Give Enum a telephone number and it will provide you with an address, such as an IP address, to send the call to. In theory this would allow your PBX to send calls directly to a 3rd parties PBX without even previously having connected to them, using SIP.
Unfortunately, Enum is actually quite difficult to understand and there are a number of reasons you need to think through your use of Enum.
Enum is actually a means of mapping a telephone number (E.164 to be precise, +44 etc) to the internet addressing system. Ok, so I’ve probably lost you at this point, so here’s an example:
I want to call +442074401800
My PBX requests Enum details for +442074401800
Enum returns a series of complicated addresses for all the methods that this number can be contacted by. Methods could be SIP, email, IM or even PSTN.
In this example, I want to make a voice call. So I the PBX selects the SIP address: sip: email@example.com
The PBX can now make the call via SIP directly to the Voiceflex SIP Proxy.
Enum has more uses than just for voice. If I wanted to send an email, but I only have the persons’ phone number then I could type the number into Outlook and Enum could be used to look up the email address for me. Confusing, well just think that a telephone number will know all the ways you can be contacted. The client (voice, email, Instant Messenger) decides which connection method to use.
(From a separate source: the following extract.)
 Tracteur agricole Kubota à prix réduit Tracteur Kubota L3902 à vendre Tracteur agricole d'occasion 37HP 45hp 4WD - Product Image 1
What’s been described so far is probably misleading to what Enum is really going to be used for in the next few years. The largest uptake is likely to be the service providers, who can use Enum to save money by directly routing calls via IP to users. Although, the speed of this uptake isn’t clear. There have been numerous successful test runs of Enum, some with tens of thousands of numbers and users.
The overall Enum space and strategy is far from clear, even with the recent UK announcements. Public v Private, underlying systems, architecture and ownership of the data are big issues which need to be worked through. Then we get to the business model, which is probably the biggest issue. Will this information be free? Or will there be a subscription costs or transaction fees? Whatever happens, the first signs of the death of SS7 are on the horizon and the start of real convergence.